The aim of our study was to establish whether disease severity could be associated with the gene amplification of SARS-CoV-2 obtained by positive molecular nasopharyngeal swabs performed upon admission to the hospital. Thus, the authors studied the correlations between disease severity evaluated during hospital admissions through the LqSOFA score and the number of cycles of the gene amplification of the SARS-CoV-2 gene target N2 as a primary endpoint. In this way, the authors proposed the establishment of a clinical value of the number of cycles of SARS-CoV-2 gene N2 amplification to determine whether this information could be useful to the emergency room physician in establishing the prognosis of each patient.

The secondary endpoints were the correlations between the LqSOFA score assessed during hospital admission and positive swabs duration and the duration of symptoms to study if this score assigned by the time of admission could be used to predict the course of the disease.

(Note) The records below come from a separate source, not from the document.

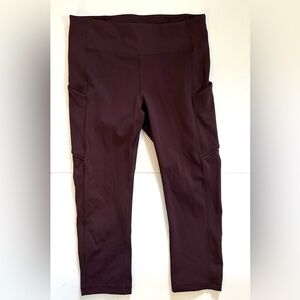 Lululemon Deep Burgundy Capri Athletic Pants with Pockets, size 8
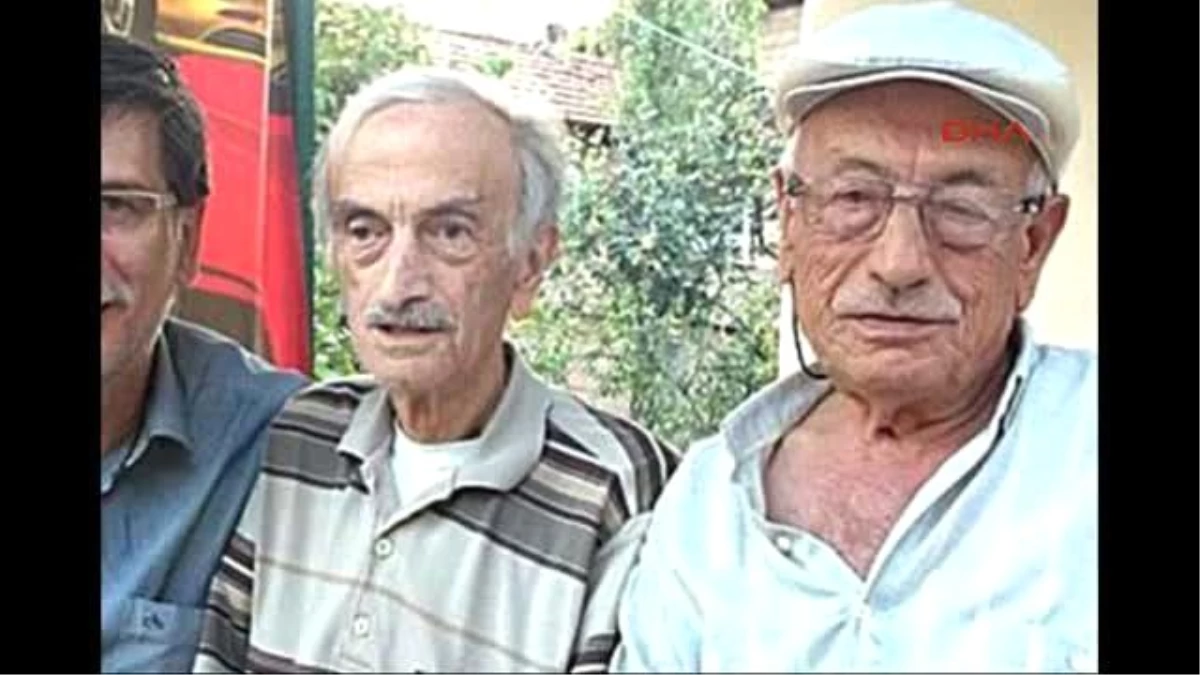 Kocaeli Derince\'de 73 Yaşındaki İkizler, Yarım Saat Arayla Öldü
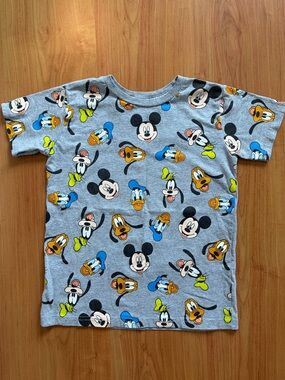 Disney Gray Tee with Mickey, Donald, Goofy & Pluto Faces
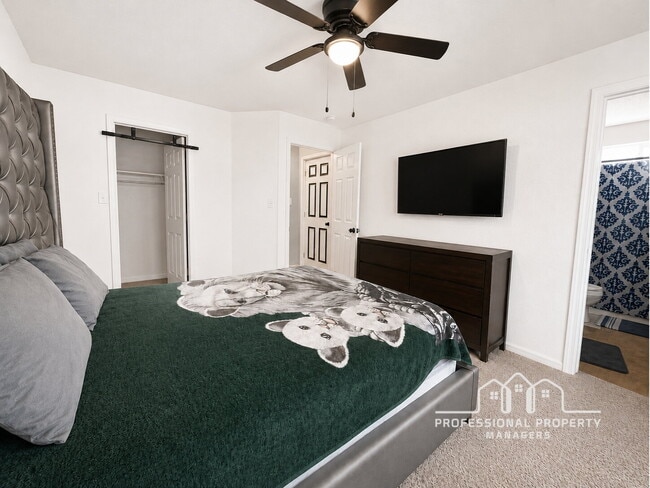 Building Photo - 4-bedroom, 2-bathroom home in Desert Sands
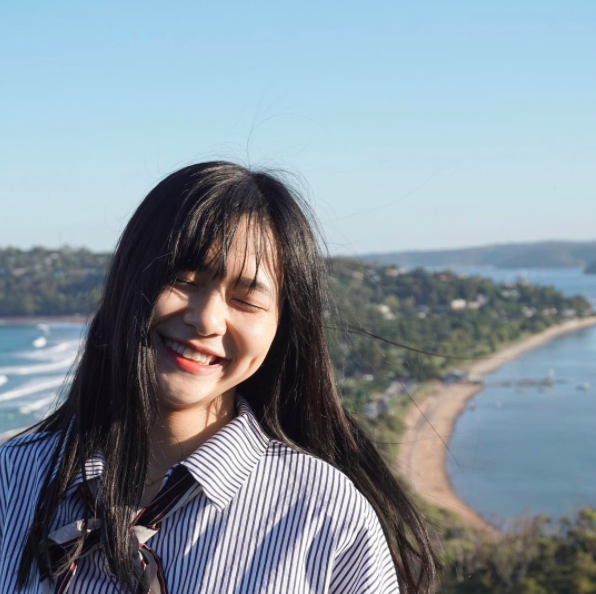 Du học sinh Việt cười khoe lúm đồng tiền khiến ngàn trái tim thương nhớ - 2 Du học sinh Việt cười khoe lúm đồng tiền khiến ngàn trái tim thương nhớ - 2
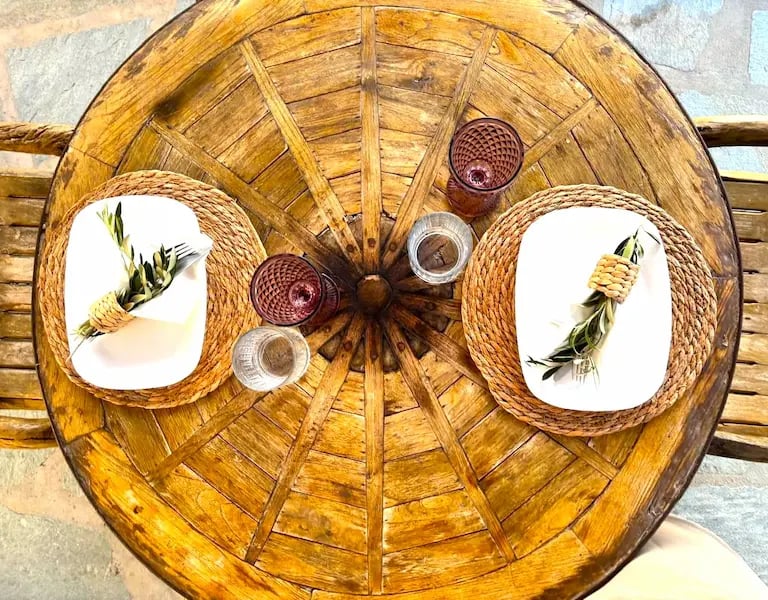 Elegant villa dining table set for private chef experience in Naxos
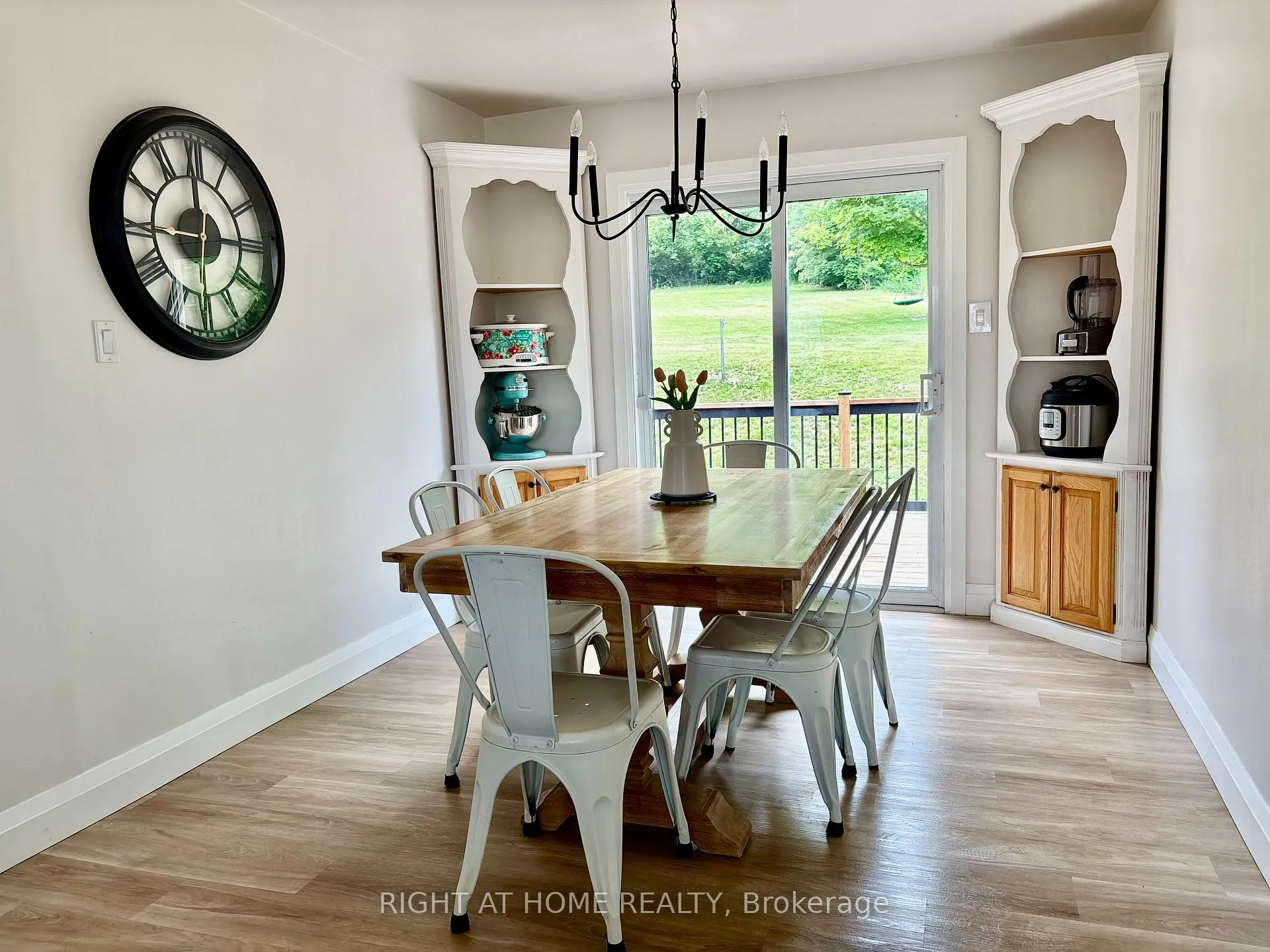 Photo 12 of 6680 County Rd 93 Highway, Tay, Rural Tay — HOMEH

Finally, we also studied the relationship between the LqSOFA score and the age of patients in order to understand which patients were at a higher risk and needed more attention during clinical and instrumental evaluation.

Knowledge of this information is essential to minimize the isolation of pediatric patients: a condition that causes serious psychological and social repercussions for the patient and his family.

2. Materials and Methods

We performed a retrospective single-center cohort study from April 2020 to March 2022. This study conformed to the Strengthening the Reporting of Observational Studies in Epidemiology (STROBE) Statement, where all points of the checklist have been respected.

2.1. Sampling Strategy

In the beginning, we collected all positive molecular swabs in patients between 0 days of life and 18 years of age, accessing the database of the Microbiology laboratory of San Marco University Hospital of Catania (Italy). For each sample, we analyzed the Ct value (threshold value) of the gene N2 of SARS-CoV-2.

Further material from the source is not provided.